NBA data intake & prop modeling — project report
This report summarizes our current build state, what we have proven in the truth layer, and the remaining decision point (odds/props markets) before we can compute actionable “edges” for NBA betting.
Latest release
- Truth layer is now season-to-date capable: we backfilled 387 games across 55 dates with 0 missing box scores and 0 missing play-by-play in our coverage reports.
- Idempotent ingest + resume verified: re-running the same date ranges does not duplicate rows and a
--resumerun can safely pick up where a prior run left off. - We are now ready for market ingestion: the next gating decision is selecting a provider for odds + player props (and, ideally, historical line movement / closing lines).
Where we are in the process
Phase 6 (Market + availability ingestion). Last gate passed: Gate 4C — Observability + coverage reporting. Next gate: Gate 4A — Idempotent snapshots. Active ritualset reference: sportsbetting_ritualset_v2_activated_v1.

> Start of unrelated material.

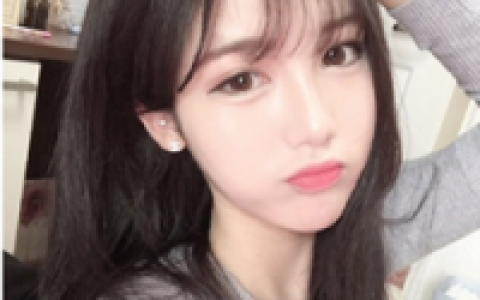 姑娘微笑不怕山倒(长发齐刘海美女抖阴头像)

In plain terms: schedule/box/PBP data capture is stable at scale. The next work is adding market “truth” (lines, prices, books, timestamps) so we can measure EV/CLV and move from “projections” to “bet decisions.”
Fast map of what we built
- truth_poc.py pulls (a) schedule, (b) box score, and (c) play-by-play, and writes to a local SQLite DB.

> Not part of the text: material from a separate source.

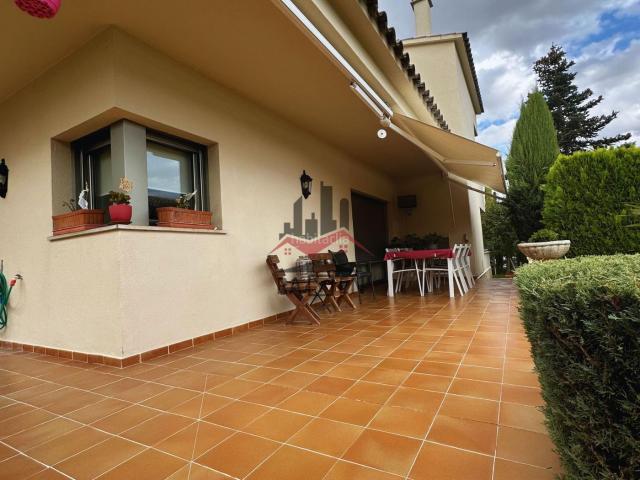 Chalet en venta en Mas Pau, Alt Empordà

- coverage_report.py reads the DB and outputs coverage metrics (games seen, missing box, missing PBP), per date and overall.
- Run logs + primary keys enforce re-run safety (idempotency) and support long backfills via
--resume.
Pending decision point
To compute edges for FanDuel-style markets, we still need stable access to:
- Game lines: moneyline, spread, total (and ideally alternates)

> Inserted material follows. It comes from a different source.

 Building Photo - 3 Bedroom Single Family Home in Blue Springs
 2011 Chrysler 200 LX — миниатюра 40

- Player props: points, assists, rebounds, threes, combos (PRA, etc.)
- Historical snapshots: open/close, line movement, book-by-book pricing (for CLV + backtesting)
Past releases
Release 2025-12-16 (bundle v2) — expand
NBA data intake & prop modeling — project report
A readable surface for our NBA sports betting build: what we’re collecting, what’s working today, and how we’ll turn it into a prop-evaluation engine.
What this report is
This is a lightweight, developer-friendly project surface for our NBA sports betting work. It’s written for two audiences at once:
- Beginners: what these betting terms mean, what data we’re collecting, and what we’re trying to achieve.
- Developers (Client): how the pipeline is shaped, what tables exist, and how we’ll turn data into repeatable prop evaluation.
We’re intentionally starting with a small “truth-layer” fetcher that proves we can collect stable game/player/event data and store it in a canonical format. Once that foundation is stable, we scale collection and add market/odds snapshots.
Beginner primer: what is a “player prop”?
A player prop is a bet on a player’s stat line rather than the final score. Examples:
- Points: “Player X over 24.5 points”
- Assists: “Player Y at least 8 assists”
- Rebounds: “Player Z under 10.5 rebounds”
Sportsbooks publish a line (e.g., 24.5 points) and an odds price (how much you win relative to your stake). Our job is to estimate the player’s distribution of outcomes and decide if the offered line/price implies a probability that’s worse than reality.
Where we are today
Already working
- Fetches a date’s NBA games (schedule/game IDs)
- Fetches traditional box score player lines per game
- Optionally fetches play-by-play (PBP) event logs
- Writes results into a local SQLite database with canonical tables
Actively hardening
- PBP idempotency (safe re-runs without UNIQUE constraint errors)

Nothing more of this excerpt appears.